TASK REQUIREMENTS
Range to output from the entries below: the line containing "istock Beautiful young" through the line containing "Fototapeta premium mature". Set it down exactly, ends included, nothing else.

PROVIDED INFORMATION

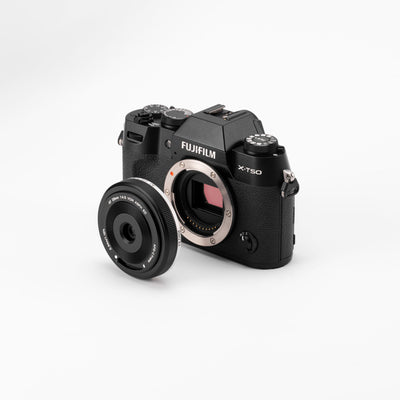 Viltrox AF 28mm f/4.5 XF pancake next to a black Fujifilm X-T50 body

...

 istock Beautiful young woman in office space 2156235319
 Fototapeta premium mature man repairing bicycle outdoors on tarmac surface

SOLUTION TO THIS EXERCISE
 istock Beautiful young woman in office space 2156235319
 Fototapeta premium mature man repairing bicycle outdoors on tarmac surface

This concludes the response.